Bridget’s miserable obsession with this particular non-caller, Daniel Cleaver — her boss, by whom she disconcertingly “v. much enjoy[s] being sexually harassed” — is a perfect example of what Fein and Schneider call the work of a misguided “nineties woman” who has “simply not been schooled in the basics of successful courtship.” For her part, Jones betrays the same sentiment in different terms, fretting that she is part of a “pioneer generation daring to refuse to compromise in love and relying on our own economic power,” and thus destined to remain alone.
Fein and Schneider argue that all that economic power — combined with the dastardly Free Love and Women’s Lib movements (you know, topical issues of the ‘90s) — made an entire generation of girls plum forget that they simply needed to:
a) treat men like full-on garbaggio;
b) refuse nearly all advances so as to incite “the chase,” which all men loved;
and, finally,
c) sit back and marvel, as said men became so obsessed that they would never cease calling.
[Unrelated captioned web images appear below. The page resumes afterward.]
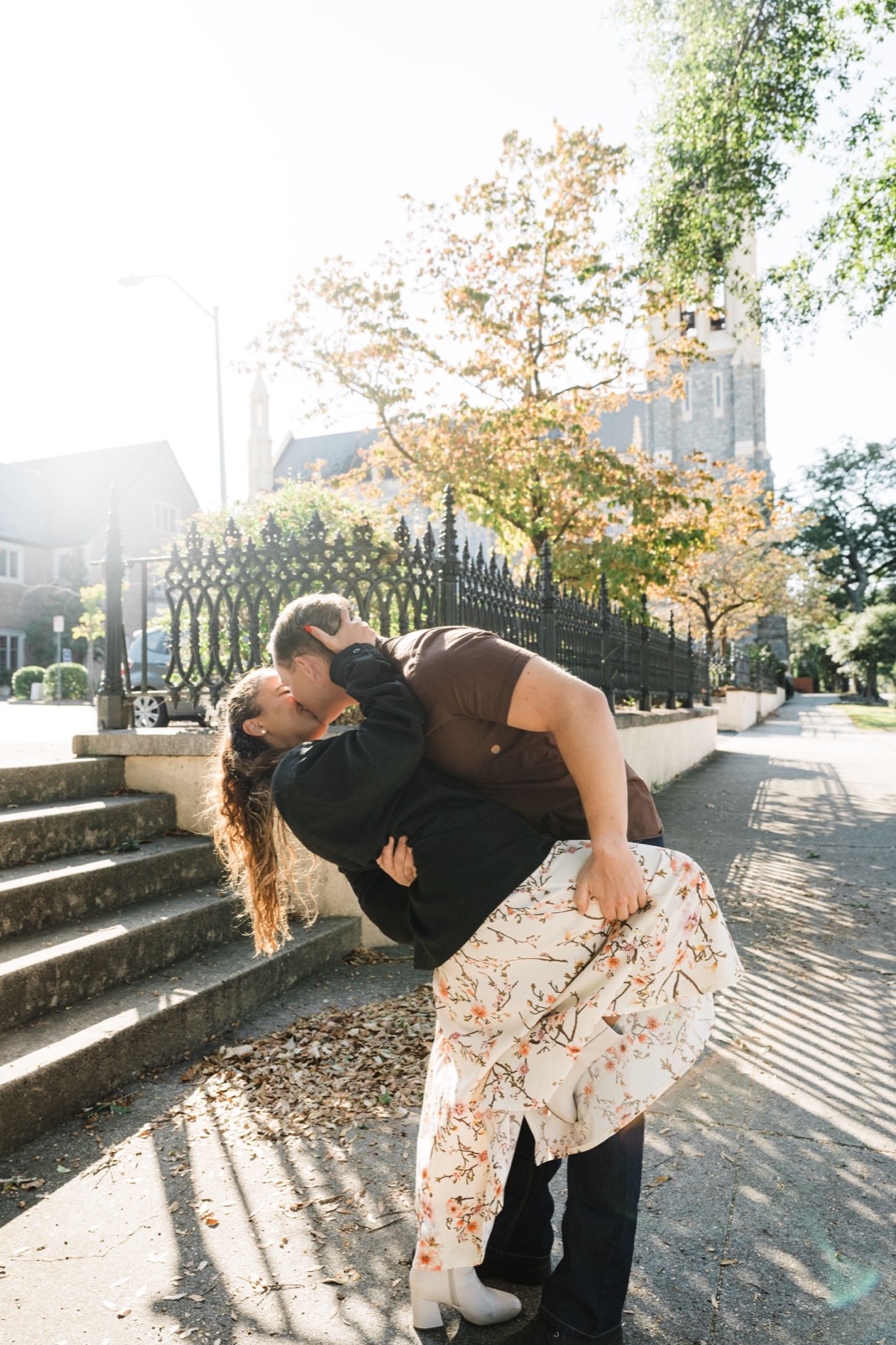 Romantic dip kiss between couple on sunlit steps with ornate iron fence and autumn leaves.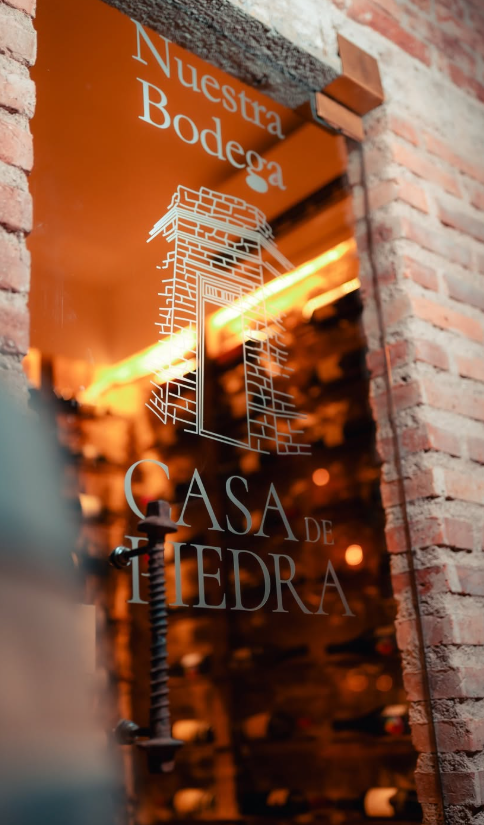 Puerta de vidrio de Nuestra Bodega con el grabado de Casa de Piedra y el interior iluminado al fondo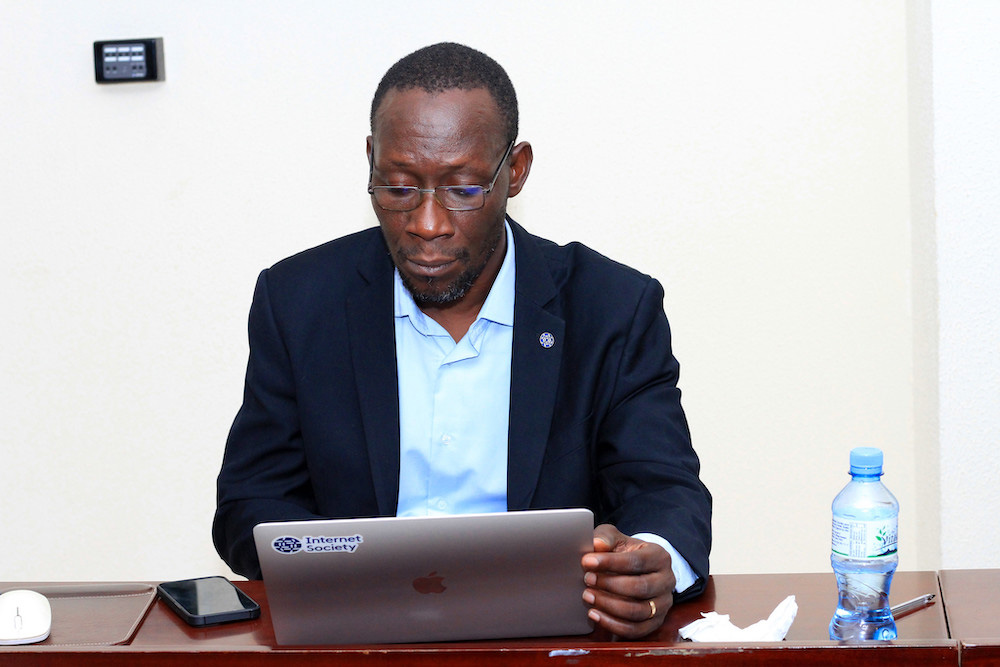 Jean-Baptiste Millogo sits at a computer.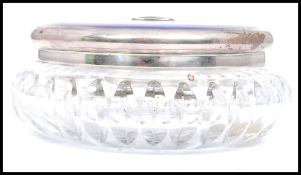 A silver hallmarked and enamel top large dressing cut glass dressing table jar pot. The beautiful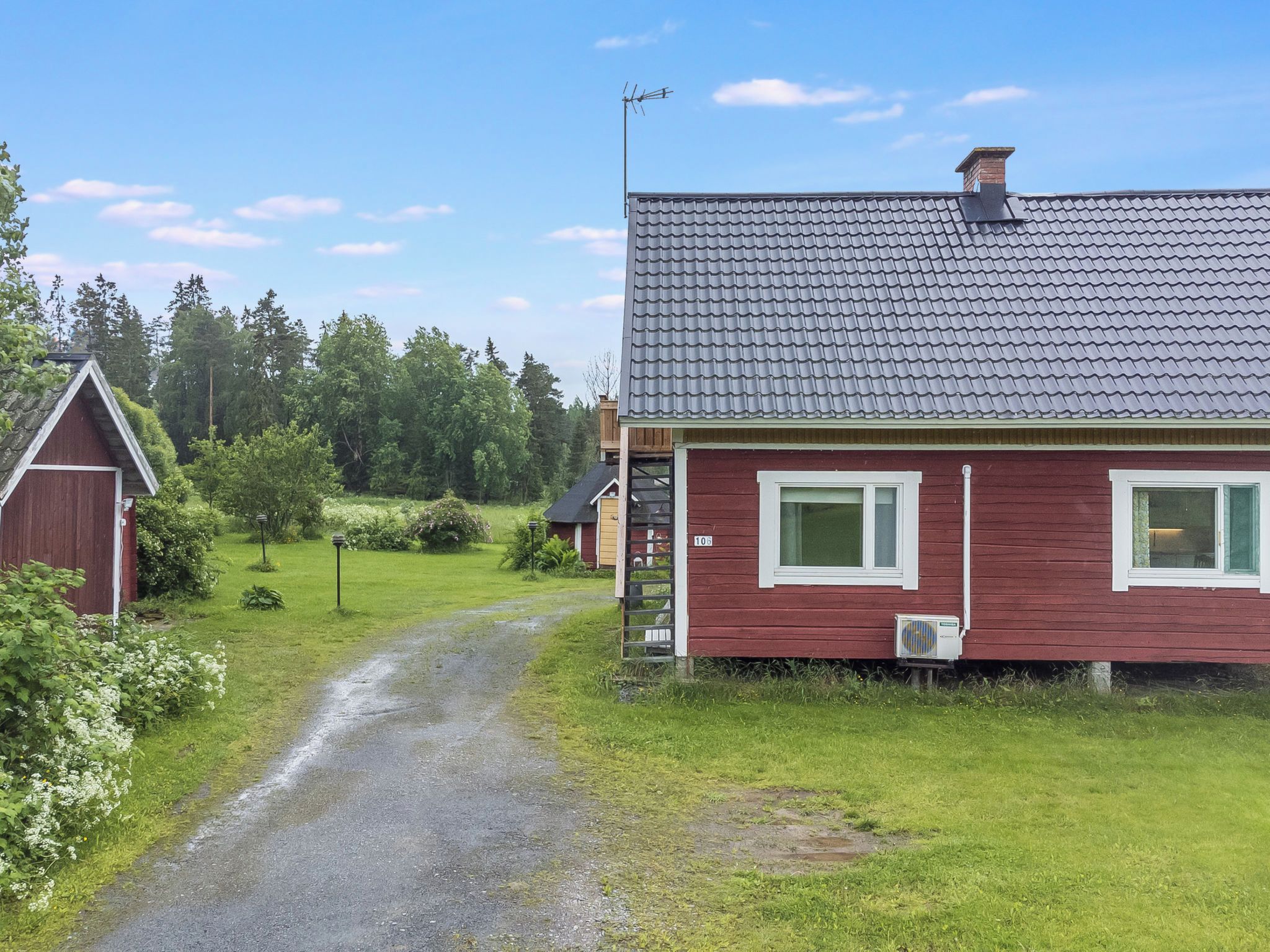 Punainen talo, jossa on harmaa katto, sorapäällysteinen ajotie ja puinen lato maaseutumaisemassa.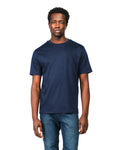 Man wearing a navy blue t-shirt and jeans on a white background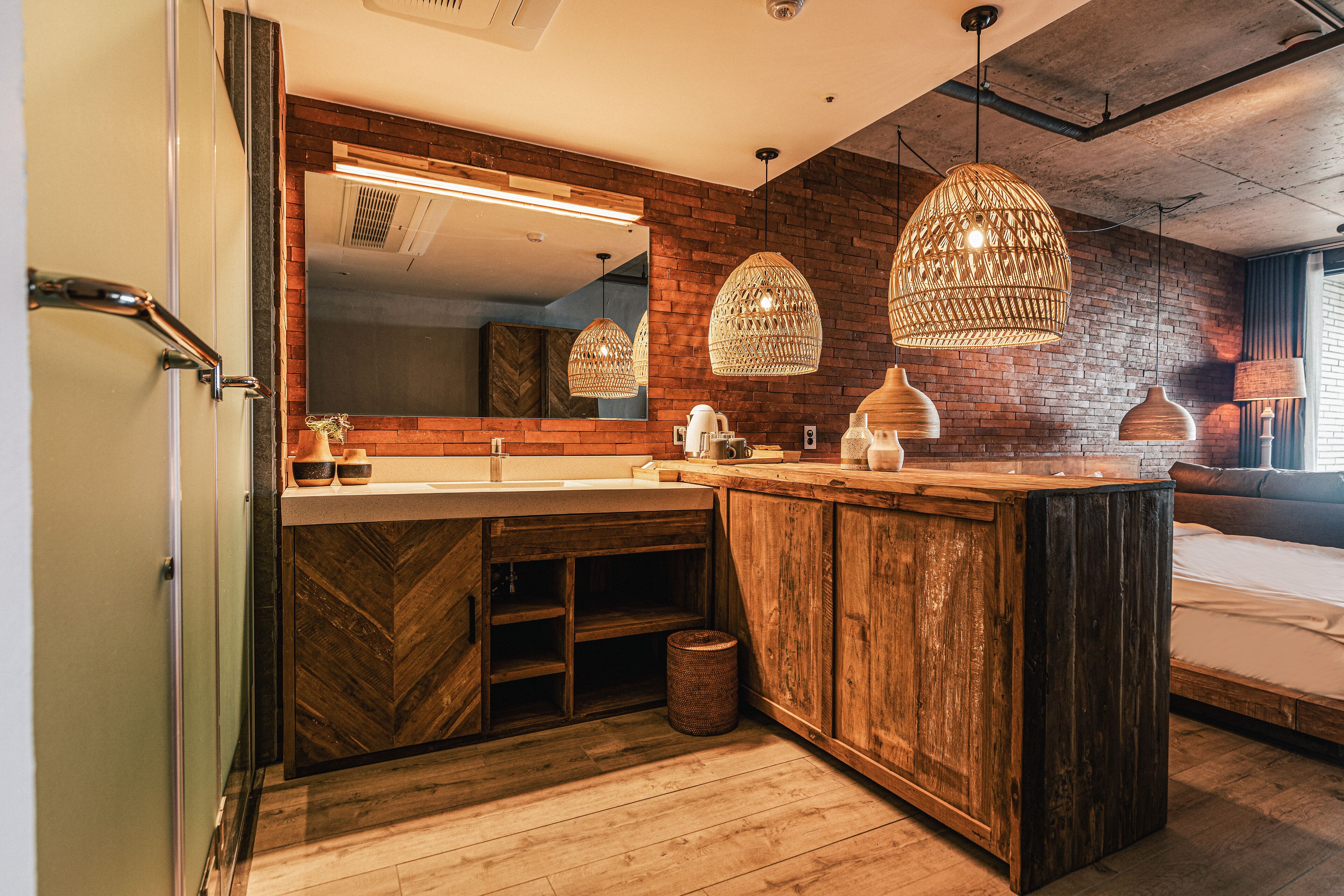 A modern bathroom with a wooden vanity, a large mirror, and pendant lights.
“Anger indicates interest,” Fein and Schneider enthuse. “It’s good when men get upset,” you see — because “it means they care about you.” That’s right, ladies: “The chase,” complete with requisite rage, is clearly some sort of ideal mating behavior betwixt heterosexuals, and the idealization thereof has had no palpable negative consequences of any sort — bearing, as it does, no resemblance to either the edicts of the Pick-Up Artist subculture, nor its inverse, the so-called Incel movement.
It never occurred to the scandalized Me Generation that Gen-Xers weren’t unhappier than they were — it was just that we dared to be open about our hesitation and self-doubt.
Still, in case you’re wondering: The primary way to accomplish the excellent goal of getting a man as mad at you as possible is with Rule #5, which is Don’t Call Him and Rarely Return His Calls. “Not calling,” Fein and Schneider explain, “will leave him desiring you more, make him want to see you again and call you again. It prevents him from getting to know all about you much too quickly and getting bored.” Or, alternately, he can seek refuge in a like-minded online community of self-styled sexual rejects and plan murders, imagined and real.
It’s perhaps the tincture of time that has added an ominous note to the moments in Bridget Jones when this approach seems to work. For example, after a week or so of “being an ice-queen” to Daniel Cleaver on the advice of her ride-or-die gay friend Tom — also an excellent ‘90s trope that has damaged nobody, and did not limit queer representation in popular culture to sassy besties for decades — Bridget “can officially confirm that the way to a man’s heart these days is not through beauty, food, sex or alluringness of character, but merely the ability to seem not very interested in him.”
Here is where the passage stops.